13-Mar-2011 -- As I was in the San Francisco Bay area for the National Science Teachers Association conference, an event that draws at least 10,000 science teachers from around the country. As our focus at the conference was on geotechnologies, a confluence visit seemed like the perfect capstone. I left the conference site downtown and reached the San Francisco airport before dawn, renting a vehicle there. I then drove back to San Francisco and over the Bay Bridge to Oakland, missing my turn onto I-580 and instead heading north on I-80. No matter, though; it was Sunday morning and the traffic was fairly light. I knew that State Highway 4 must intersect I-80, and sure enough, after about 20 minutes, found the highway as the John Muir Parkway. I drove east as the darkness changed to a dim light, but it was cloudy, which I knew would make for some less-than-ideal photographs. I exited too early, as I could not pull over to look at a map, at Highway 242. Realizing my error, I drove south to the city of Concord.
At Olivera Road, I wound through neighborhoods to the southeast, slowly, because it was still too dark to visit the point. At Willow Pass Road, I turned northeast. Judging from the decommissioning of part of the military base here, and seeing the new streets on the satellite image a week ago, I held a dim hope that I would be able to stand on this confluence point, rather than gaze at it through the fence. However, upon arriving at the scene, I realized that the new streets lay to the northeast of the confluence point. I stopped to the south of the closest approach and hiked a bit, always preferring at least some walk to the confluence points. I had visited here several years before, and not much had changed except the streets to the northeast. They seemed to be streets only with no houses constructed along them. The No Trespassing signs were still here, and I wondered if anyone had tried to call the numbers listed on the sign and actually gain permission to access the ground. If the ground was underlain by unexploded ordinance, though, I was content with gazing through the fence.

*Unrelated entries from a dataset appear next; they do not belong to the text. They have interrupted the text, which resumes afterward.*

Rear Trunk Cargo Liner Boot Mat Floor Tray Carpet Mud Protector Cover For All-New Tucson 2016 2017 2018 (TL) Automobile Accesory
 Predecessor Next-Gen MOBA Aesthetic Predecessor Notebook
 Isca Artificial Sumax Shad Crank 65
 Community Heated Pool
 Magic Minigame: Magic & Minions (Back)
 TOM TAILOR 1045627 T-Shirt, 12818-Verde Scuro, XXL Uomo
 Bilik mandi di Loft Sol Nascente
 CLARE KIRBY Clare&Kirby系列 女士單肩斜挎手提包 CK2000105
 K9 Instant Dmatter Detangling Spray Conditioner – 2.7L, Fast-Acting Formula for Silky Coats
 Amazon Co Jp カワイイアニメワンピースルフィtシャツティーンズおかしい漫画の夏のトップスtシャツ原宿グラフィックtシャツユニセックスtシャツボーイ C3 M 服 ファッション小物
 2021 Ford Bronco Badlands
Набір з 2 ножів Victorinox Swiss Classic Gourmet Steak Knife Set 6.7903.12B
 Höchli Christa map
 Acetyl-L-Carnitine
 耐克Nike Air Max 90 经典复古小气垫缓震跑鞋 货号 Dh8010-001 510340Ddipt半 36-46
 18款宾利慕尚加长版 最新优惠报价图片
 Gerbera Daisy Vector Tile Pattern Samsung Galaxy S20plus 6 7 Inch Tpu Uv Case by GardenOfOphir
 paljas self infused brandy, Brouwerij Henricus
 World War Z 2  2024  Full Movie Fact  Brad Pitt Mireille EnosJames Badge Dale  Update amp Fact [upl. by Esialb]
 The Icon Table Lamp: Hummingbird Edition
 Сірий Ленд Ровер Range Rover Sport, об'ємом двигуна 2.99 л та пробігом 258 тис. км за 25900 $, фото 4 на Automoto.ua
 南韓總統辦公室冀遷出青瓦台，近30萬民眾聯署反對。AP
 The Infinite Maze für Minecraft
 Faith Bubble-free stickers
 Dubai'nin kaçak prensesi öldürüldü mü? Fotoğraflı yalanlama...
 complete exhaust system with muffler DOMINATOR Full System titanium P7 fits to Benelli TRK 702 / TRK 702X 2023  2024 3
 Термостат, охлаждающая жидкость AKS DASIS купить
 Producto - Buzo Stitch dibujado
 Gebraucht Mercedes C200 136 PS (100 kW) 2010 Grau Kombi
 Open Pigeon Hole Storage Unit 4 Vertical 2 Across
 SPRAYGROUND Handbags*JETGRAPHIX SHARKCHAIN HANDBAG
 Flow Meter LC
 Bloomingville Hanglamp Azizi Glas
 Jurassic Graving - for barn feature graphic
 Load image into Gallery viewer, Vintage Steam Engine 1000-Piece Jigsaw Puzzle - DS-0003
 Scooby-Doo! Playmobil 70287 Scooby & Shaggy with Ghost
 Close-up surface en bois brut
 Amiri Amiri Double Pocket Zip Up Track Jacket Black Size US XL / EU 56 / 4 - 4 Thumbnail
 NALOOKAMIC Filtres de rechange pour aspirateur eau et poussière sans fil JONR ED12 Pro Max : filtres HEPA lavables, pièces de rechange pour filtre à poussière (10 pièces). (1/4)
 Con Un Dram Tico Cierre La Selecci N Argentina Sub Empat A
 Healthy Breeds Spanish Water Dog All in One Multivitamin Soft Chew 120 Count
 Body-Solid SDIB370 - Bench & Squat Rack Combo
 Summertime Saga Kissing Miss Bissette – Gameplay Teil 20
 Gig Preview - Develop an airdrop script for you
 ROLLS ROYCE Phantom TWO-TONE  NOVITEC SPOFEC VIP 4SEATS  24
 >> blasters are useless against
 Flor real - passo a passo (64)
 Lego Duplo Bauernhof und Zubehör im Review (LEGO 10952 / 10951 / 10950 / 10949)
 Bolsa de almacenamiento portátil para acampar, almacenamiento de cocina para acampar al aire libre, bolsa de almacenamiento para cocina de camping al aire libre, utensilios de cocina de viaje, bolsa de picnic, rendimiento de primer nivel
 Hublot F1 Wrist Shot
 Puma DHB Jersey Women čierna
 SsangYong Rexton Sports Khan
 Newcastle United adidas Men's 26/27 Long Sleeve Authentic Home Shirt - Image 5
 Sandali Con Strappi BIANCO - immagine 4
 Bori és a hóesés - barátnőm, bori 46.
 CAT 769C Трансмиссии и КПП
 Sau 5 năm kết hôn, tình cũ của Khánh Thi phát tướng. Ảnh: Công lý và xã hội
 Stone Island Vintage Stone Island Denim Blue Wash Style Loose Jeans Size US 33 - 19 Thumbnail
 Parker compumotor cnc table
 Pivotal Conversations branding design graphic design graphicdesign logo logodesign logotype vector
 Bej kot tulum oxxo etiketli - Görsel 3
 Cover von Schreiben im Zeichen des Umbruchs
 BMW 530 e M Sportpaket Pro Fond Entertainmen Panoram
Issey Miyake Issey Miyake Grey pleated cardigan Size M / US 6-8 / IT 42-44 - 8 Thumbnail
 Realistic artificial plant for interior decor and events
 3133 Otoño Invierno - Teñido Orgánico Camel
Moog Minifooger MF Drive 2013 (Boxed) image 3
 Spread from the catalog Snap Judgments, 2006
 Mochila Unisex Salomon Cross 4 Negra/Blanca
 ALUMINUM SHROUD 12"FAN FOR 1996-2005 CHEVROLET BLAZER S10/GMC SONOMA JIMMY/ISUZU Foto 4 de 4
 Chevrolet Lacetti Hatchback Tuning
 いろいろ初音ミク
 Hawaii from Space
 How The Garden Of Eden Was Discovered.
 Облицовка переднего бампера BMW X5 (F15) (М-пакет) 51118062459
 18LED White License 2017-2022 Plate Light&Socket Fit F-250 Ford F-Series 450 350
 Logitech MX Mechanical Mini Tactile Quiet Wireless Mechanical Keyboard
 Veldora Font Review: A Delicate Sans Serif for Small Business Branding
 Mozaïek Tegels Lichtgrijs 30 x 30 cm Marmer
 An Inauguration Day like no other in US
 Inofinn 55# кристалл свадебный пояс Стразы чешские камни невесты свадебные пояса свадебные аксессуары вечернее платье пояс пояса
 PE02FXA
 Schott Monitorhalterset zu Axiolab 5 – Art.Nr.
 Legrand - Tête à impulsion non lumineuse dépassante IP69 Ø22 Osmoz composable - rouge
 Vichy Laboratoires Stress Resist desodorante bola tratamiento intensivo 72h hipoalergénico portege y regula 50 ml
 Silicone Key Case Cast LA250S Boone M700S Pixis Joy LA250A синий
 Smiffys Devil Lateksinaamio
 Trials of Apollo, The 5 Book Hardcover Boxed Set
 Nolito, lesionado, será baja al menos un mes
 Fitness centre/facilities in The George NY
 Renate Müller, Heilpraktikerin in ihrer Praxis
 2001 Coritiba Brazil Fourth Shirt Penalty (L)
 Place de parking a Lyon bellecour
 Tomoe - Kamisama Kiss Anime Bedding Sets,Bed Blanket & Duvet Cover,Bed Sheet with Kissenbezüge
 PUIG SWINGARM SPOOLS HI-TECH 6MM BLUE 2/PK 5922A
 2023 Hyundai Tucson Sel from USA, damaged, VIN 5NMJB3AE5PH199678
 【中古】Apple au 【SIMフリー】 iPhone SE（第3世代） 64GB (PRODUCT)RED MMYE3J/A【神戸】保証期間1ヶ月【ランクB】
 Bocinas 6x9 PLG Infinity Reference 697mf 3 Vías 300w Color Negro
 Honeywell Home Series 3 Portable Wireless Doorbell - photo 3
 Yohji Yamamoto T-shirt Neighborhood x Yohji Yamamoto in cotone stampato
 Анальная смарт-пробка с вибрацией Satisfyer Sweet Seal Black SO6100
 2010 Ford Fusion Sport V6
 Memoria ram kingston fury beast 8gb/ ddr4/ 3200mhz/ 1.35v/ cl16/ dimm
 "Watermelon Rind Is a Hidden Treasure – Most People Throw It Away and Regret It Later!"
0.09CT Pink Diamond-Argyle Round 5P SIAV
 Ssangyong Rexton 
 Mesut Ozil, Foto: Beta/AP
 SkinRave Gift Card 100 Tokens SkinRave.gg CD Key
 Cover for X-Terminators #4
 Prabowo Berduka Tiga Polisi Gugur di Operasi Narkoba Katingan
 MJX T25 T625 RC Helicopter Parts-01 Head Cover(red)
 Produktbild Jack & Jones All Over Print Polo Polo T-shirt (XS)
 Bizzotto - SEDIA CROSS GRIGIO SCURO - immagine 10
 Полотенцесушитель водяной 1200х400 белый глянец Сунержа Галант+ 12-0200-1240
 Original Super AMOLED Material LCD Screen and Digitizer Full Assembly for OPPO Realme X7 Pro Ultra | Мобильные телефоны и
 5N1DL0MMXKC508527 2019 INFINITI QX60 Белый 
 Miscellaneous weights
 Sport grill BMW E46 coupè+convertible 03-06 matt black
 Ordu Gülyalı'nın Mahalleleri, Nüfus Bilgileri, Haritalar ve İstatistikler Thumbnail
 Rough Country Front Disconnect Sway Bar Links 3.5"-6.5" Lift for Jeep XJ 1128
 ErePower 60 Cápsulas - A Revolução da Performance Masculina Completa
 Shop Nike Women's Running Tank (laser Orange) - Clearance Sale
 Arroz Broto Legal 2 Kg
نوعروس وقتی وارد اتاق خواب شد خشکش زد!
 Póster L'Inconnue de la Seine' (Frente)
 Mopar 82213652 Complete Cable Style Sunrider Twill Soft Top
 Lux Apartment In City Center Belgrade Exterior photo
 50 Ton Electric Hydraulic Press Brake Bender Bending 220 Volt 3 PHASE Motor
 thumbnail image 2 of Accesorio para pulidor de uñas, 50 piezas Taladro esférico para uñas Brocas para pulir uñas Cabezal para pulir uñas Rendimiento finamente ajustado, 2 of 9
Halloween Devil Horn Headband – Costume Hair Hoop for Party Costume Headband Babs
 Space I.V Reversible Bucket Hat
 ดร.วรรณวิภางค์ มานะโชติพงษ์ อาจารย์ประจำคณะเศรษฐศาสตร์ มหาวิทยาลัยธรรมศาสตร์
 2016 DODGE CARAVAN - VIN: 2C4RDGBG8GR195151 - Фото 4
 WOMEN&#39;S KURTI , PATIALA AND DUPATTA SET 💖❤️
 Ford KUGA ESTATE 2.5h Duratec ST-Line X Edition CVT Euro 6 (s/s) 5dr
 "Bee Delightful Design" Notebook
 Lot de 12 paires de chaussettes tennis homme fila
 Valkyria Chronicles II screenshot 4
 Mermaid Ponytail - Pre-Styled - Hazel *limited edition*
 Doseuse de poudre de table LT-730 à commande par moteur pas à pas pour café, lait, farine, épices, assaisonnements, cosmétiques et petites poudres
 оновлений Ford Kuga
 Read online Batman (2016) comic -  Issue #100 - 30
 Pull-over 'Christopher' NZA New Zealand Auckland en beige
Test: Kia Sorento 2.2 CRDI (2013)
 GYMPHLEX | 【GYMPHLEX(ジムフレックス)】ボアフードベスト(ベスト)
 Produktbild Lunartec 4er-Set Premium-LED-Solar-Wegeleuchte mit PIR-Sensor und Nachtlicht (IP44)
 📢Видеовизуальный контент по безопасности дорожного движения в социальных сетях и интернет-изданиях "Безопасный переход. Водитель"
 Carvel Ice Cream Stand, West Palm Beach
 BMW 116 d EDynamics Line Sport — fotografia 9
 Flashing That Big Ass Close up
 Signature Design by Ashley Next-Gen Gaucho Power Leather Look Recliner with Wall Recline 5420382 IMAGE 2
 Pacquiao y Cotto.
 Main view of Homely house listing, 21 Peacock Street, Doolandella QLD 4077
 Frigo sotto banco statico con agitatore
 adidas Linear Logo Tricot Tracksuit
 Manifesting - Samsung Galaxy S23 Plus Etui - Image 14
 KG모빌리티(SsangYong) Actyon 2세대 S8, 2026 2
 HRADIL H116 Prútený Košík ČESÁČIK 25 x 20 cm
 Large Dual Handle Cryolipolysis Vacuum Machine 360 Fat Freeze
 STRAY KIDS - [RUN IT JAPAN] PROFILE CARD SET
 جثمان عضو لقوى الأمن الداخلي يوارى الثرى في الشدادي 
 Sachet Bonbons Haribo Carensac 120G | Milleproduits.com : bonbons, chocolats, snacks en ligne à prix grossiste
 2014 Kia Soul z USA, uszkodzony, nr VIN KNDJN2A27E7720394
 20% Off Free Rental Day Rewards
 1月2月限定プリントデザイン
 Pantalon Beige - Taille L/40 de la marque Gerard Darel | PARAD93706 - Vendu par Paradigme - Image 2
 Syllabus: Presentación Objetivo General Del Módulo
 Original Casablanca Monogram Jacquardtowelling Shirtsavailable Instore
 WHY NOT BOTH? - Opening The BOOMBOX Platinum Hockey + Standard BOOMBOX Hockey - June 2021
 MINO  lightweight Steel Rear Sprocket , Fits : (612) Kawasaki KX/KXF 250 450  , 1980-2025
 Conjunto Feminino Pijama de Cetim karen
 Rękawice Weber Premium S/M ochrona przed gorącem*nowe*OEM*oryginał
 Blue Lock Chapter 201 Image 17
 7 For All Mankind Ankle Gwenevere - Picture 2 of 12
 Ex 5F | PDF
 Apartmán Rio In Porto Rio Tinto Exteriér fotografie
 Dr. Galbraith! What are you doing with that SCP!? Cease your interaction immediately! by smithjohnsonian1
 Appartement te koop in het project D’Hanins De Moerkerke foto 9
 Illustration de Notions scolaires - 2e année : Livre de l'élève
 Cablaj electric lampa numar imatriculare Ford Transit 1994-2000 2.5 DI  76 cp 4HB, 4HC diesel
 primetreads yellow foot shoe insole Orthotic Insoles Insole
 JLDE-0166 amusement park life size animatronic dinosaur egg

I could see the confluence point to my east in the flat field overlain by grasses. I was about 40 meters distant. I also walked to the place in the fence where it jogged a bit, and could now see the point off to my north. It was about 45 degrees F under cloudy skies. The traffic was moderate, even on a Sunday morning, and moved at high speeds. Some care is needed at this point with an awareness of the vehicles passing. Now I had a nice tidy sum of confluences in central California, and had stood on 38 North at least 20 times between here and the eastern shore of North America, in a field in Virginia. I had also stood on 122 West several times, including three times in California and once in 2009 in a forest in Washington state. My joy at reaching the confluence point was tempered by the tragedy that was unfolding from the earthquake and tsunami in Japan, in the past 48 hours, however. I spent about 30 minutes at the site, and then departed to see an old dear friend and to attempt the next confluence to the south. I had a nice tour through downtown Concord on the way to I-680. Despite the cars along Willow Pass Road, it was a peaceful morning.